I do wonder, though, how I would feel if a TV fugu-taster keeled over dead. I suspect I don't really believe in the possibility, because I don't believe that, much as certain TV executives would love to show a fugu fatality, they really would. I suspect that this spares me having to worry about how I would feel about such an eventuality. Of course it also messes with the thrill of wondering: Will he or won't he drop dead?

When it comes to "poisonous snakes that can choke you," and "sea creatures that can paralyze you," and "spiders whose venom can make your heart stop," I realize I'm not especially interested to "meet the people who risk it all for dinner." It's not usually hard to interest me in the question, about some foodstuff or other, is it good to eat? But this question will it kill you?, not so much.

I realize it marks me as a fuddy-duddy to be such a stickler for the "foodness" of food. I might add that I have nevertheless taken to Ace of Cakes and even Cake Boss, partly because I enjoy the people (Duff and the gang at Charm City Bakery in Baltimore, and Buddy and the gang at Carlo's Bakery in Hoboken), but also because it's hard not to appreciate the amazing things both teams create out of their chosen materials.

At the same time, I do wonder whether these shows reflect a lack of interest in the true miracle of cake: its deliciousness. It's a wonder I wish desperately, for caloric reasons, I could begin to tire of. And I have to say, I doubt that I would watch either Ace of Cakes or Cake Boss if the respective bakers didn't insist, and everyone didn't seem agreed, that the cakes really are delicious.

I don't know, maybe the rattlesnakes and sea creatures and spiders are delicious. Or maybe they taste like chicken. Feel free to check it out for yourself -- and no need to fill me in on the details.

Now a tasty, tender, juicy pot roast -- that would get my interest. Heck, I'd settle for two out of those three qualities, or in a pinch even one. That's about the extent of my food deviltry.

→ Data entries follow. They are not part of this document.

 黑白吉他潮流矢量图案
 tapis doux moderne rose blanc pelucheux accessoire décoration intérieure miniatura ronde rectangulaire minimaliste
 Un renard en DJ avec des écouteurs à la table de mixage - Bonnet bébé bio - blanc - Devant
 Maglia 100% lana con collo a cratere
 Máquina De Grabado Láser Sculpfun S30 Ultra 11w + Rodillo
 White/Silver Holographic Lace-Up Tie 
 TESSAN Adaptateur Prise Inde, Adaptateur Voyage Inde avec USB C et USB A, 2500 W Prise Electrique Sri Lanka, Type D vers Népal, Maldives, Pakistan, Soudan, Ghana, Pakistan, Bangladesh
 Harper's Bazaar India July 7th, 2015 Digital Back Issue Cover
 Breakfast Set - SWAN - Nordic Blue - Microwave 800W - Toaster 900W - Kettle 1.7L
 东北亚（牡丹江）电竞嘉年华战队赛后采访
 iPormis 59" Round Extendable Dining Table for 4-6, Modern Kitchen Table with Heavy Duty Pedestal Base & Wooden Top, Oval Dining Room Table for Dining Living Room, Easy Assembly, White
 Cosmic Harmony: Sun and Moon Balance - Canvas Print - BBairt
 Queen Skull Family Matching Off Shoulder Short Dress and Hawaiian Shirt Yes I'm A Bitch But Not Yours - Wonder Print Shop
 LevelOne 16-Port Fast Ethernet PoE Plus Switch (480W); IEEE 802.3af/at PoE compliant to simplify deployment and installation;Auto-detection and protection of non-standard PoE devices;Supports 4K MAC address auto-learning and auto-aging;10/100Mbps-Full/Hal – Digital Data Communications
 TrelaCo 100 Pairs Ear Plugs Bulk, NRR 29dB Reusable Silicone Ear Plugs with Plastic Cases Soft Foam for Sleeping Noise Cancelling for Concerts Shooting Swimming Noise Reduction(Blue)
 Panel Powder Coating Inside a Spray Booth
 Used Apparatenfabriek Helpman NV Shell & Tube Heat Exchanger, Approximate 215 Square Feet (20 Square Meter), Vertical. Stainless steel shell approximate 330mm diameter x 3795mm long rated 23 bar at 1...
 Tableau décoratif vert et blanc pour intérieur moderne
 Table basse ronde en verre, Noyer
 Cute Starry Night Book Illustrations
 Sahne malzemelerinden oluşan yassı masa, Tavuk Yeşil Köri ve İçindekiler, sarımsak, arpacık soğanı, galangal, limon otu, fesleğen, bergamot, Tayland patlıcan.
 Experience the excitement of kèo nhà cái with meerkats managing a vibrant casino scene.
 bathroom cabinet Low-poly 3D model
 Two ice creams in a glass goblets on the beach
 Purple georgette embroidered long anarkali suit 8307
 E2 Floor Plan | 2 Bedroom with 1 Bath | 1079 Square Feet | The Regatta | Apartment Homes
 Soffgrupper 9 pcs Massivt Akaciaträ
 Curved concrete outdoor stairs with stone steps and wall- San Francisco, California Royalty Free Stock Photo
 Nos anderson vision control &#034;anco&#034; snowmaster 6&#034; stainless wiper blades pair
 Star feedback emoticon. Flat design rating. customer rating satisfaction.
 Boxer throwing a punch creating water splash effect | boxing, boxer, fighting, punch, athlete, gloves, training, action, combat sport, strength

Oh, and if there were a slice of a really tasty chocolate layer cake to go with it, I could be tempted. I once had a coworker who for special occasions made what are still the most delicious chocolate cakes I've ever eaten. She insisted it was just this really good mixer she had. When I mentioned this to my friend Richard, who's an "out of this world"-caliber baker, and whom I consider an authority on chocolate cakes (in the interest of chocolate-cake science, he once test-drove every chocolate-cake recipe he found online which looked interesting to him), he said it made sense to him.